C’è chi ancora storce il naso e chi non vede l’ora di assistere al trionfo di Greta Gerwig e Saoirse Ronan alla 90esima edizione degli Oscar. Perché Lady Bird è così: non lascia indifferenti e travolge chiunque con la sua energica freschezza.
Una forza vulcanica che ha spinto il film fino al Dolby Theatre e che, al tempo stesso, domina l’irrequieta protagonista: un’adolescente di provincia alla ricerca di se stessa, pronta a scoprire quale sarà il suo futuro.
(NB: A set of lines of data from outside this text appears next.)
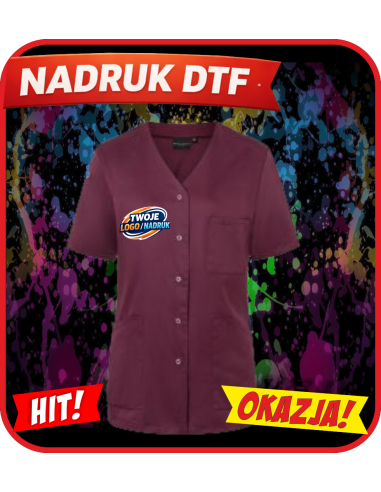 Tunika damska odzież reklamowa DTF logo trwały nadruk pełny kolor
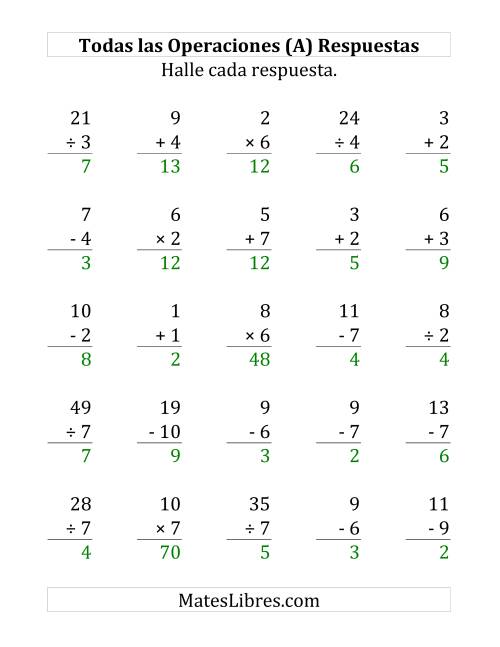 La hoja de ejercicios de 25 Ejercicios de Suma, Resta, Multiplicación y División (de 1 a 10) (A) Página 2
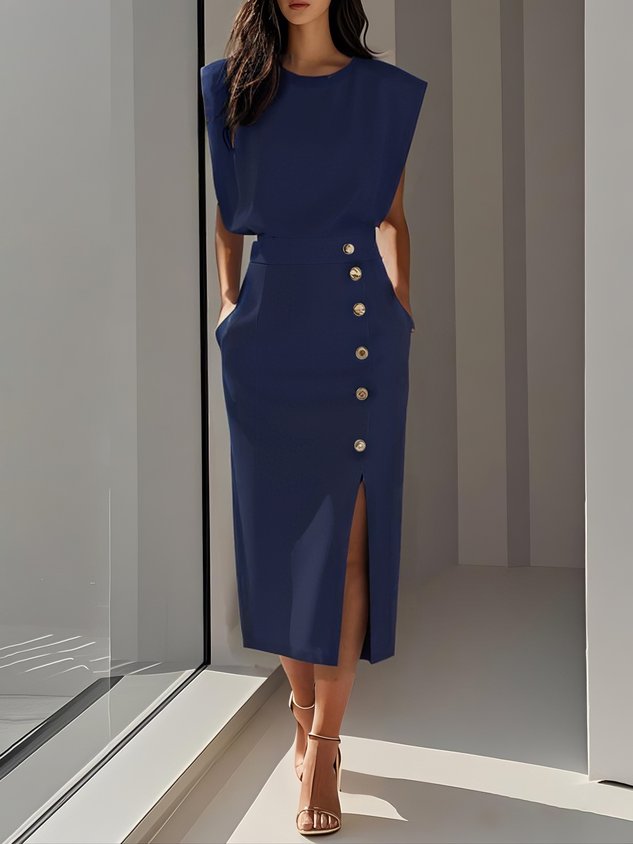 Dames Midi-jurk met Ronde Hals en Knoopsluiting 7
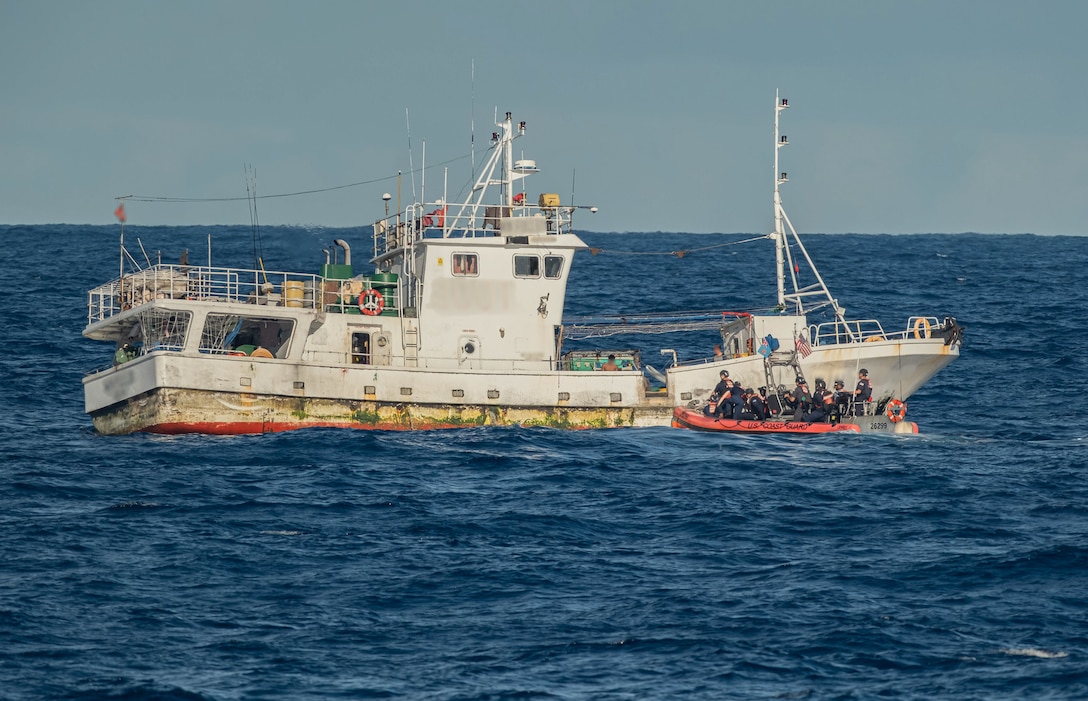 A U.S. Coast Guard 26-foot Over the Horizon Small Boat crew assigned to Coast Guard Cutter Harriet Lane (WMEC 903), prepares to conduct bilateral maritime law enforcement operations June 24, 2026. The crew conducted 26 customs inspections of foreign-flagged sailing vessels while collaborating with Fijian partners. (U.S. Coast Guard photo, courtesy CGC Harriet Lane)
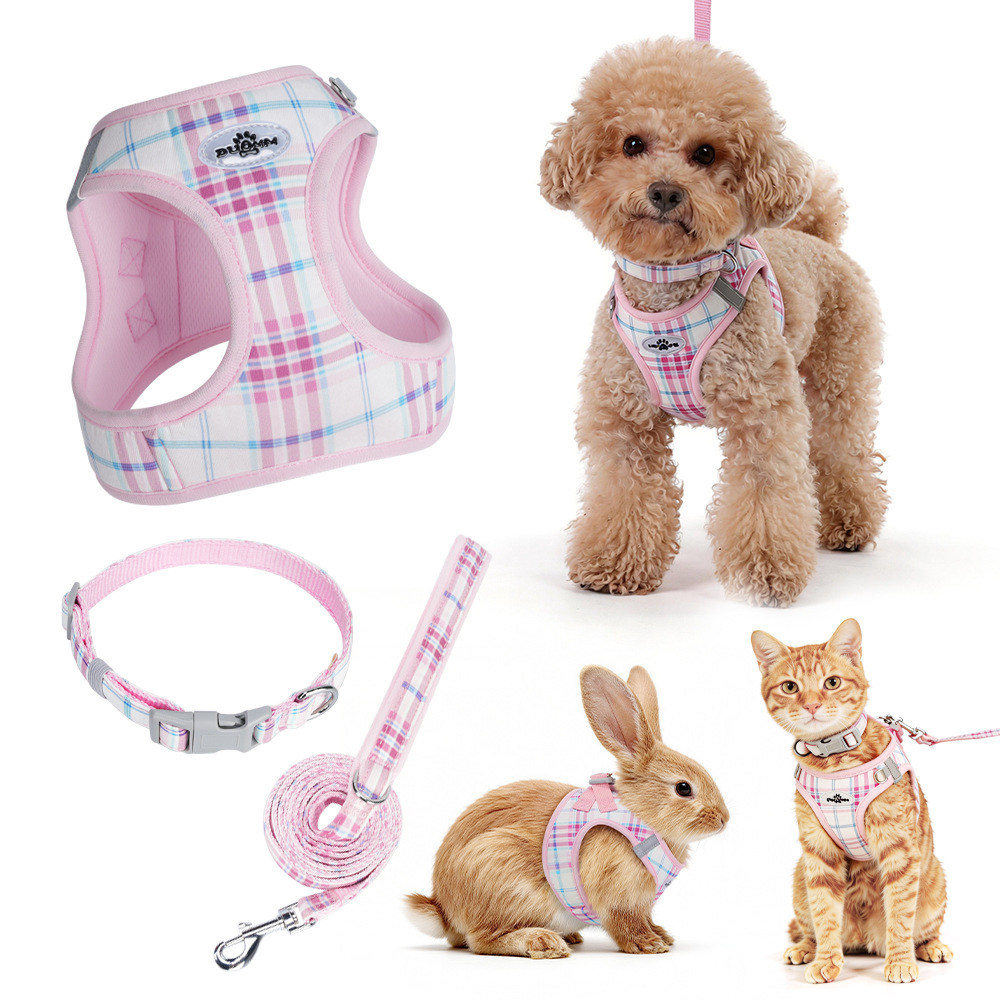 Conjunto de cuerda de tracción de perros transfronterizos chaleco tipo cinturón de pecho pequeño collar de cuello para perros paseando con cuerda de viaje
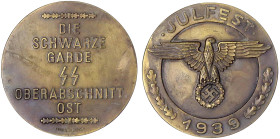 Drittes Reich
Bronzemedaille 1939, von Deschler. Julfest, Die schwarze Garde, SS Oberabschnitt Ost. 55 mm. vorzüglich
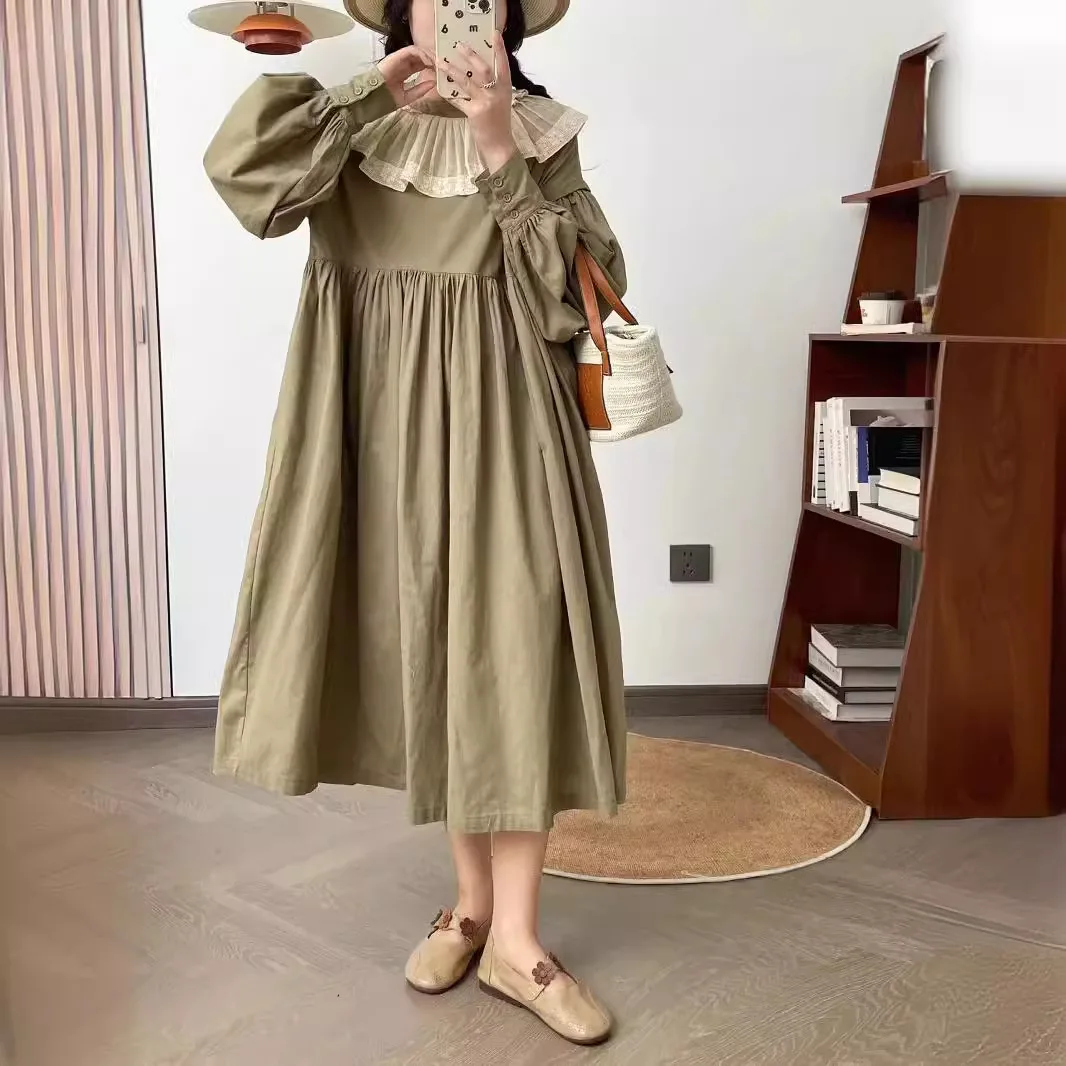 [Bereit auf Lager] Hochwertige Damen-Blusen-Hemdkleider aus 100 % Baumwolle, Lotusblatt-Kragen, lockeres, langes Kleid mit Fleischüberzug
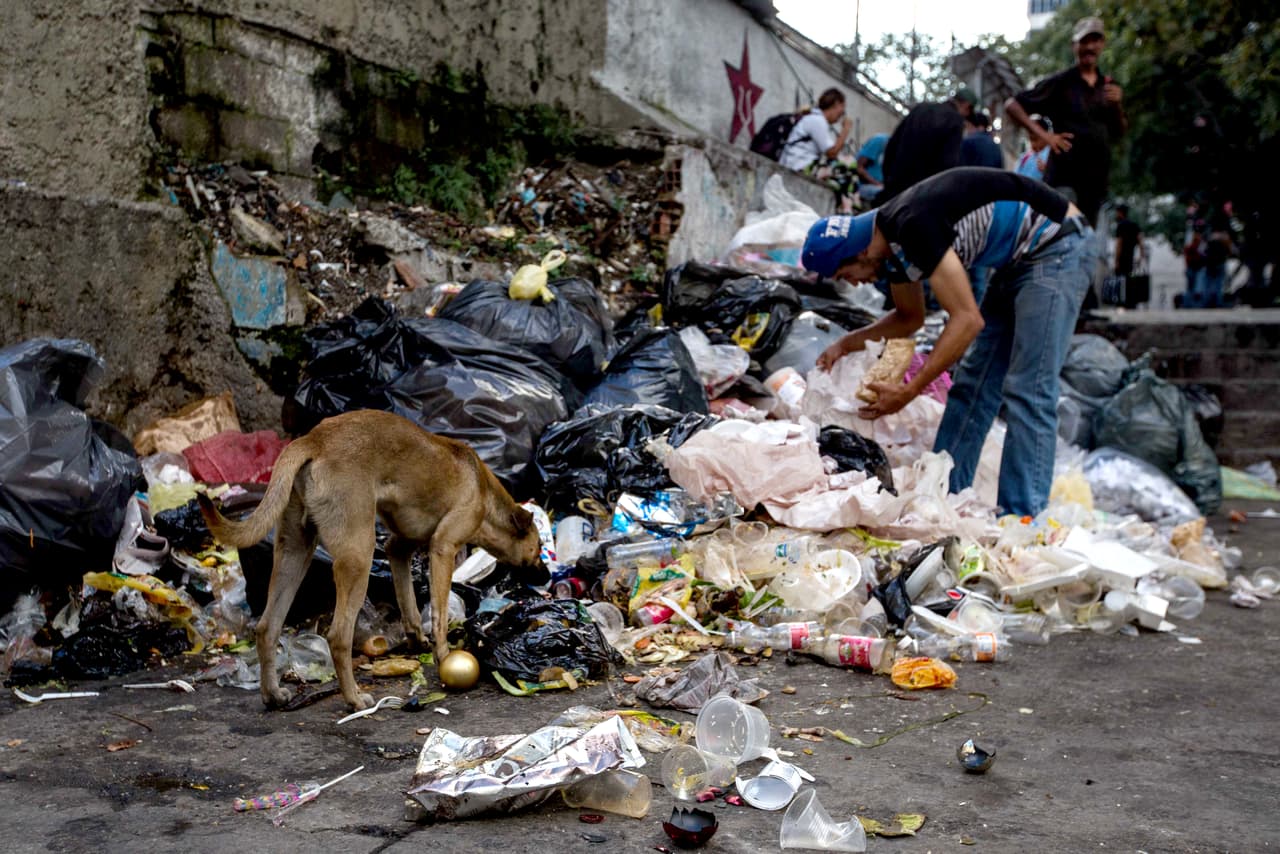 Otro grupo de unas 20 personas se reúne en el basurero de la plaza El Venezolano, también ubicada en el centro de Caracas, a una cuadra de la sede de la Misión Negra Hipólita, el programa social creado por el chavismo para atender a las personas que viven en la calle. “Yo creo que esa gente se lleva esa comida para su casa. Tú ves a esa gente de la Misión Negra Hipólita y parecen todos unos cochinos: abombaos, culones, rosaditos”, dice uno de ellos. El gobierno alega que el dinero del más reciente boom petrolero fue a parar a la "inversión social", pero
<a href="http://www.univision.com/noticias/america-latina/del-boom-petrolero-a-la-pobreza-extrema-a-donde-fue-el-dinero-de-venezuela">el aumento de la pobreza extrema refleja lo contrario</a>.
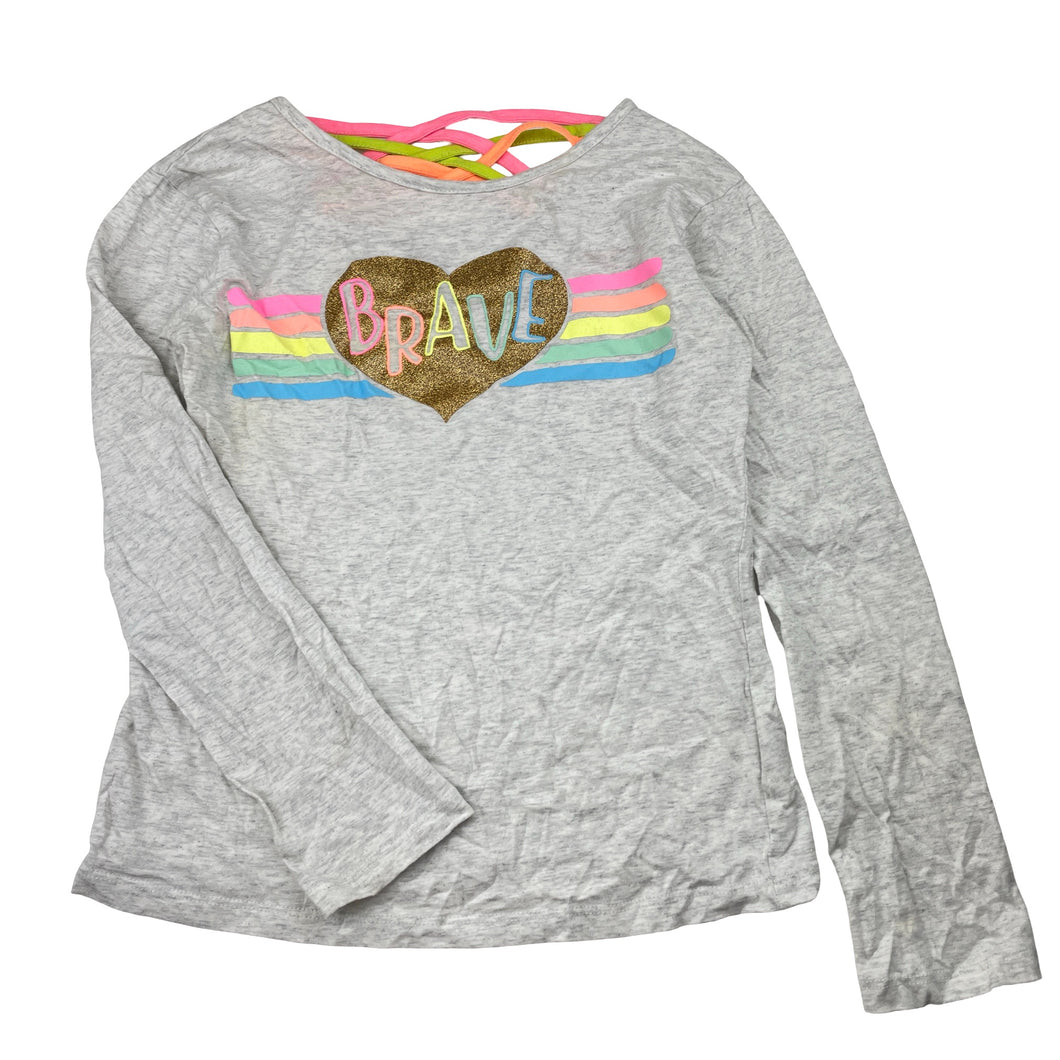 Girls Vitamins, grey marle long sleeve tee / top, GUC, size 12-13,  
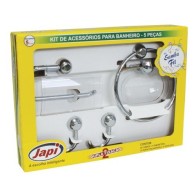KIT DE BANHEIRO CREME 5 PEÇAS FIT JAPI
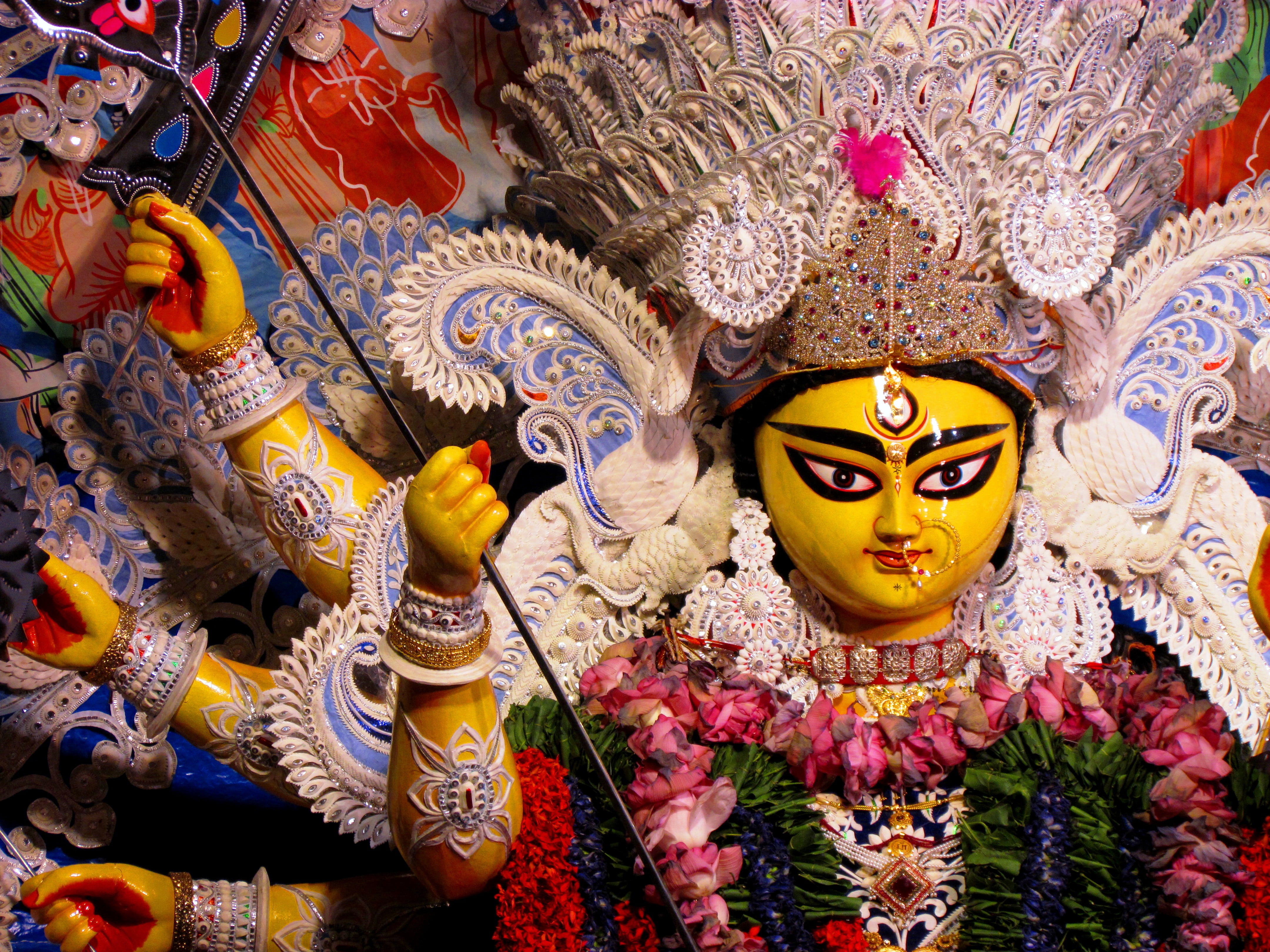 Shubh Navratri Festival, Hindu deity statue, Festivals / Holidays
Lady Bird non è “boyhood al femminile” come qualcuno lo ha etichettato con troppa fretta, ma è il racconto di una giovane donna che lotta contro tutto e tutti (soprattutto contro se stessa) per trovare la propria identità lungo una strada fatta di coraggio, indipendenza e voglia di uscire dagli schemi della mediocrità borghese.
Nel film semi-autobiografico Gerwig ci parla della sua Sacramento e della sua adolescenza ma, di fatto, porta sul grande schermo un pezzo dell’esistenza di tutti: quel momento in cui i sogni e le aspirazioni muovono ogni nostro passo mentre la testa è piena di progetti da realizzare e la realtà ci va quasi stretta con tutti i suoi difetti (un padre disoccupato, una madre imperfetta, un amore da dimenticare). Circostanze passeggere e trascurabili quando davanti a sé c’è ancora una vita intera da inventare.